Playwright Jonathan Payne and ‘Poor Edward’


Playwright Jonathan Payne’s day job is as a social worker, supporting people with mental health issues who want to go back to college. Through his work he met an unlikely couple, D and A (names withheld for privacy). They were homeless and A struggled with schizophrenia.

“I am working on the fringes of society and relationships are a little bit different there than I imagine them. There were romances and friendships that didn’t really make sense to me. From my privileged lifestyle, me and my co-workers would look at people and wonder why they were together,” Payne recalled.

Payne asked D how her relationship with A worked. “Basically (A) didn’t talk to anyone. He was really quiet.
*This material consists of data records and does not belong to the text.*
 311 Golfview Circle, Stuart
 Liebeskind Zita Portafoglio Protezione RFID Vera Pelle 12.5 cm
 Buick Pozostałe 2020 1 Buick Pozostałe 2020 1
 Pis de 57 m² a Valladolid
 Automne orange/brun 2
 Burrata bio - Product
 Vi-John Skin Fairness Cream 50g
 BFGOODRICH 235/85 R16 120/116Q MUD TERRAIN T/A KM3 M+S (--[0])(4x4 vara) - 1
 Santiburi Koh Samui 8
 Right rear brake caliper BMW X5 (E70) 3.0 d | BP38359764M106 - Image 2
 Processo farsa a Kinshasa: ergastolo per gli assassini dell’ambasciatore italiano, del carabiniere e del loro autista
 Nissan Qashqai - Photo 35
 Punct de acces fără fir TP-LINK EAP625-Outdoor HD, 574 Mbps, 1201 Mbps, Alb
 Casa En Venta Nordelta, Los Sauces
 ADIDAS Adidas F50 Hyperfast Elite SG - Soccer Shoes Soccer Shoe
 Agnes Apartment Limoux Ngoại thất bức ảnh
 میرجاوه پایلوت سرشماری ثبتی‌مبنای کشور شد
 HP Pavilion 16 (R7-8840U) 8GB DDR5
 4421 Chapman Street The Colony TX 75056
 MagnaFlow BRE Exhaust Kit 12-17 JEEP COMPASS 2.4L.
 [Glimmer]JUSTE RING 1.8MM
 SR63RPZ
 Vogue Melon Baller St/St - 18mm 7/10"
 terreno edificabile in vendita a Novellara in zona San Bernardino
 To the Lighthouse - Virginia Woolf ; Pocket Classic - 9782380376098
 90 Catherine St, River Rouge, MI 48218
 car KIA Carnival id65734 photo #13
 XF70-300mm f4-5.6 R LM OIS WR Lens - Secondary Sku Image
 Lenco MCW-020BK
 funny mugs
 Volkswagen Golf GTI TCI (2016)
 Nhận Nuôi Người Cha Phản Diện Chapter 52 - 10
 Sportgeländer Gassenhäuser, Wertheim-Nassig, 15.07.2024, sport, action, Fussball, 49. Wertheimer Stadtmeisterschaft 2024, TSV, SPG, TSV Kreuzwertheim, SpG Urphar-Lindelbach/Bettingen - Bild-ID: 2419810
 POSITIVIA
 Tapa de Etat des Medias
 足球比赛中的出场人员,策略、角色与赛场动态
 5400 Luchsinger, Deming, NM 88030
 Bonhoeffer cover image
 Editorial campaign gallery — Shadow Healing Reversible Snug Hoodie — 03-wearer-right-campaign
And one day, unprofessionally of me, I asked, ‘what is up with you and A? How is this is a functioning thing?’ And (D) told me that the day before she was really sick with the flu and that A went to the drugstore and with the last of his money bought her medicine, brought it back to her and gave it to her … a lot of people in the community ignored her, but A gave her this attention. It made sense to me,” Payne said.

These unique people, combined with a NYU classroom exercise challenging writers to create a piece with no scene breaks and the film of a Czech fairy tale in which a root is treated as a baby, inspired his new play Poor Edward, part of Long Wharf Theatre’s Contemporary American Voices Festival.

As night descends around Opal and Eddie’s hovel, they grapple to find a way to forge a new life, Poor Edward tells a darkly theatrical story of intimacy and survival, and the seductive power of hope. “I am thinking of people on the fringes of society who don’t have access to things,” Payne said.

Payne’s inspiration as a writer are the works of August Wilson, and has drawn comparisons to Edward Albee, Samuel Beckett, and Bertholt Brecht. Heady company for a person who started their time in the theatre as an actor.

Payne grew up a quiet and shy kid, and struggled with depression. Auditioning for a play in high school – the musical Gypsy, as he recalls – opened him up and gave him a place for friends and self-expression. He embarked on a career as an actor, but had also been writing for a long time. Finally, he took up writing full time. Payne is currently starting his second year at Julliard and is hoping that he can write for both stage and screen. “I want to merge classic theatre with modern themes,” he said.